[Records drawn from a dataset]
•••

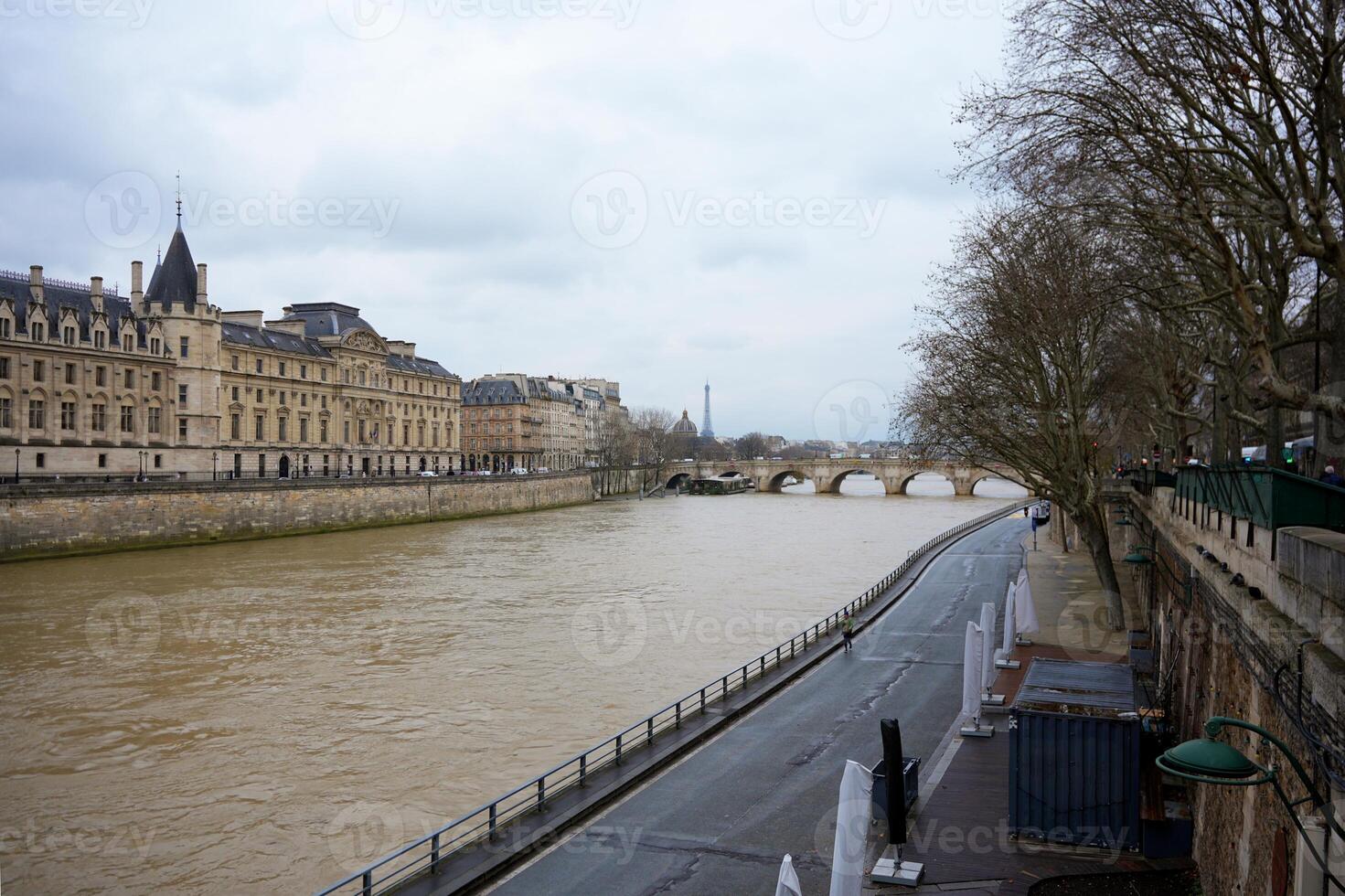 Seine River View with Paris Landmarks and Bridge on a Cloudy Day photo
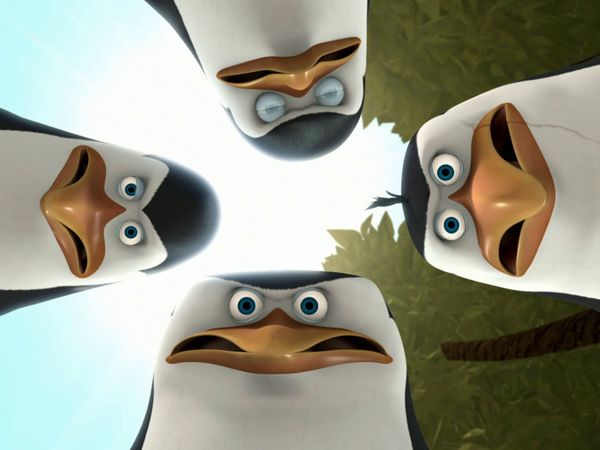 The Penguins of Madagascar LT - Recompensa / Máscara de mapache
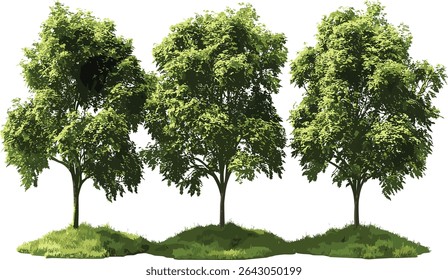 Green maple trees vector, cut out shapes file, isolated background, transparent tree silhouette, nature clipart, eco friendly design, tree icon, foliage pattern, landscape element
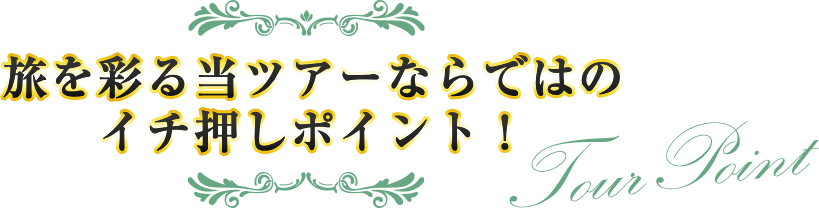 旅を彩る当ツアーならではのイチ押しポイント!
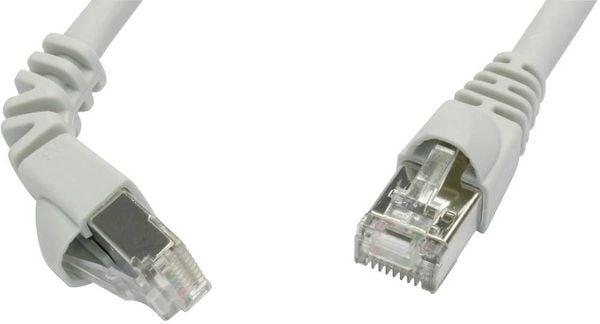 Telegärtner 100008011 RJ45 Netzwerkkabel, Patchkabel CAT 6a S/FTP 1.00 m Grau Flammwidrig, mit Rastnasenschutz 1 St.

•••

## Task item
Write out the lines of the entries above exactly, beginning with the first and ending with the line that contains "旅を彩る当ツアーならではのイチ押しポイント!". No picture goes in.

## Answer section
 Seine River View with Paris Landmarks and Bridge on a Cloudy Day photo
 The Penguins of Madagascar LT - Recompensa / Máscara de mapache
 Green maple trees vector, cut out shapes file, isolated background, transparent tree silhouette, nature clipart, eco friendly design, tree icon, foliage pattern, landscape element
 旅を彩る当ツアーならではのイチ押しポイント!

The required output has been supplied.